§ Records shown
::::
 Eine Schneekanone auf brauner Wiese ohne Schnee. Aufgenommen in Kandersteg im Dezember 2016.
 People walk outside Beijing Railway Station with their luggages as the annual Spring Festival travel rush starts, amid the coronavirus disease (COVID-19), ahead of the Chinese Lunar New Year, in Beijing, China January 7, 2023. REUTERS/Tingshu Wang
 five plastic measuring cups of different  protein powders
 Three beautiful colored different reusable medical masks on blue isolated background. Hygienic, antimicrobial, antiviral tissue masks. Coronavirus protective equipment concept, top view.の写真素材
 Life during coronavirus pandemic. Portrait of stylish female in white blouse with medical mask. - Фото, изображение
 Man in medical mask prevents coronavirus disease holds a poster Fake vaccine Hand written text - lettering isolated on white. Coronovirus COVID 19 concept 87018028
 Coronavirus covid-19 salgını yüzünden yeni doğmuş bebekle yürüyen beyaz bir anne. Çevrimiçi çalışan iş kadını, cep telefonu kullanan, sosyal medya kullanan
::::
§ The problem
Take the data above and reproduce it exactly.

§ Reply
 Eine Schneekanone auf brauner Wiese ohne Schnee. Aufgenommen in Kandersteg im Dezember 2016.
 People walk outside Beijing Railway Station with their luggages as the annual Spring Festival travel rush starts, amid the coronavirus disease (COVID-19), ahead of the Chinese Lunar New Year, in Beijing, China January 7, 2023. REUTERS/Tingshu Wang
 five plastic measuring cups of different  protein powders
 Three beautiful colored different reusable medical masks on blue isolated background. Hygienic, antimicrobial, antiviral tissue masks. Coronavirus protective equipment concept, top view.の写真素材
 Life during coronavirus pandemic. Portrait of stylish female in white blouse with medical mask. - Фото, изображение
 Man in medical mask prevents coronavirus disease holds a poster Fake vaccine Hand written text - lettering isolated on white. Coronovirus COVID 19 concept 87018028
 Coronavirus covid-19 salgını yüzünden yeni doğmuş bebekle yürüyen beyaz bir anne. Çevrimiçi çalışan iş kadını, cep telefonu kullanan, sosyal medya kullanan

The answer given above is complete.